All entries should be printed precisely as written.

Recorded data |
== Segment start ==

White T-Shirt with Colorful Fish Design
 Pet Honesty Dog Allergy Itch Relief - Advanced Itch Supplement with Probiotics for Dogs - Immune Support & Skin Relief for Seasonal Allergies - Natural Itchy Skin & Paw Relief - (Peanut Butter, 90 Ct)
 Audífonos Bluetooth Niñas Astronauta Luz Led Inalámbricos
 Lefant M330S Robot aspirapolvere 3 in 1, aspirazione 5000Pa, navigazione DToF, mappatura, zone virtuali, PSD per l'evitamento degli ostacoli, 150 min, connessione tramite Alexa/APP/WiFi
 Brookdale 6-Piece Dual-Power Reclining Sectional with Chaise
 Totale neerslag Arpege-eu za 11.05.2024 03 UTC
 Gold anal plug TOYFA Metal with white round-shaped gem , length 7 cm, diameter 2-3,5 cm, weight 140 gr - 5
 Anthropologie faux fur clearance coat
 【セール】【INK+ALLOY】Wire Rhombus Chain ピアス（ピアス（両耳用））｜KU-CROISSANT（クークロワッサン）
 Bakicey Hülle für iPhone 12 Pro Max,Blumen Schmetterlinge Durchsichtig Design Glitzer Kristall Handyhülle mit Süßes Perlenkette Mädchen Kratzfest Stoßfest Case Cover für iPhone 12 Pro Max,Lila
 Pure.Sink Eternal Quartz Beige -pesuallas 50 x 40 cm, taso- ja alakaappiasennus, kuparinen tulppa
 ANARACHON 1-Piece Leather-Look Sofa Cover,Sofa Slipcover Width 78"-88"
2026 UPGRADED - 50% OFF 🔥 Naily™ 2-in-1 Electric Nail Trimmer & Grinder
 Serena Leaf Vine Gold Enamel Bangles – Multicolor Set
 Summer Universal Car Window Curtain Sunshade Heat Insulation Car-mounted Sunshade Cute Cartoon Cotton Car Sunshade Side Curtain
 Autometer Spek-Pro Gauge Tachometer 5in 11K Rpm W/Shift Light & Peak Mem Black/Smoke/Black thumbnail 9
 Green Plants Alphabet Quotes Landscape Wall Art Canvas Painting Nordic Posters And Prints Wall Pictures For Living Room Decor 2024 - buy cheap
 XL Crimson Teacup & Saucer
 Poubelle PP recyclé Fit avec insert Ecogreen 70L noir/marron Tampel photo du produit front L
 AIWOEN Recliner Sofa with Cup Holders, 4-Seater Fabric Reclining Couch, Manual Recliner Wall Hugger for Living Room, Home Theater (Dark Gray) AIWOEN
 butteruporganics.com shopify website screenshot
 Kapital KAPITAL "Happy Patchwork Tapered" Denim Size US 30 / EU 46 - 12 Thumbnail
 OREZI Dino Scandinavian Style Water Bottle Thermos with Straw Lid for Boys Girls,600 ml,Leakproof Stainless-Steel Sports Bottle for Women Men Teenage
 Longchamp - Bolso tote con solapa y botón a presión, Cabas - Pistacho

== Segment end ==

RESULT FOR THIS EXERCISE |
White T-Shirt with Colorful Fish Design
 Pet Honesty Dog Allergy Itch Relief - Advanced Itch Supplement with Probiotics for Dogs - Immune Support & Skin Relief for Seasonal Allergies - Natural Itchy Skin & Paw Relief - (Peanut Butter, 90 Ct)
 Audífonos Bluetooth Niñas Astronauta Luz Led Inalámbricos
 Lefant M330S Robot aspirapolvere 3 in 1, aspirazione 5000Pa, navigazione DToF, mappatura, zone virtuali, PSD per l'evitamento degli ostacoli, 150 min, connessione tramite Alexa/APP/WiFi
 Brookdale 6-Piece Dual-Power Reclining Sectional with Chaise
 Totale neerslag Arpege-eu za 11.05.2024 03 UTC
 Gold anal plug TOYFA Metal with white round-shaped gem , length 7 cm, diameter 2-3,5 cm, weight 140 gr - 5
 Anthropologie faux fur clearance coat
 【セール】【INK+ALLOY】Wire Rhombus Chain ピアス（ピアス（両耳用））｜KU-CROISSANT（クークロワッサン）
 Bakicey Hülle für iPhone 12 Pro Max,Blumen Schmetterlinge Durchsichtig Design Glitzer Kristall Handyhülle mit Süßes Perlenkette Mädchen Kratzfest Stoßfest Case Cover für iPhone 12 Pro Max,Lila
 Pure.Sink Eternal Quartz Beige -pesuallas 50 x 40 cm, taso- ja alakaappiasennus, kuparinen tulppa
 ANARACHON 1-Piece Leather-Look Sofa Cover,Sofa Slipcover Width 78"-88"
2026 UPGRADED - 50% OFF 🔥 Naily™ 2-in-1 Electric Nail Trimmer & Grinder
 Serena Leaf Vine Gold Enamel Bangles – Multicolor Set
 Summer Universal Car Window Curtain Sunshade Heat Insulation Car-mounted Sunshade Cute Cartoon Cotton Car Sunshade Side Curtain
 Autometer Spek-Pro Gauge Tachometer 5in 11K Rpm W/Shift Light & Peak Mem Black/Smoke/Black thumbnail 9
 Green Plants Alphabet Quotes Landscape Wall Art Canvas Painting Nordic Posters And Prints Wall Pictures For Living Room Decor 2024 - buy cheap
 XL Crimson Teacup & Saucer
 Poubelle PP recyclé Fit avec insert Ecogreen 70L noir/marron Tampel photo du produit front L
 AIWOEN Recliner Sofa with Cup Holders, 4-Seater Fabric Reclining Couch, Manual Recliner Wall Hugger for Living Room, Home Theater (Dark Gray) AIWOEN
 butteruporganics.com shopify website screenshot
 Kapital KAPITAL "Happy Patchwork Tapered" Denim Size US 30 / EU 46 - 12 Thumbnail
 OREZI Dino Scandinavian Style Water Bottle Thermos with Straw Lid for Boys Girls,600 ml,Leakproof Stainless-Steel Sports Bottle for Women Men Teenage
 Longchamp - Bolso tote con solapa y botón a presión, Cabas - Pistacho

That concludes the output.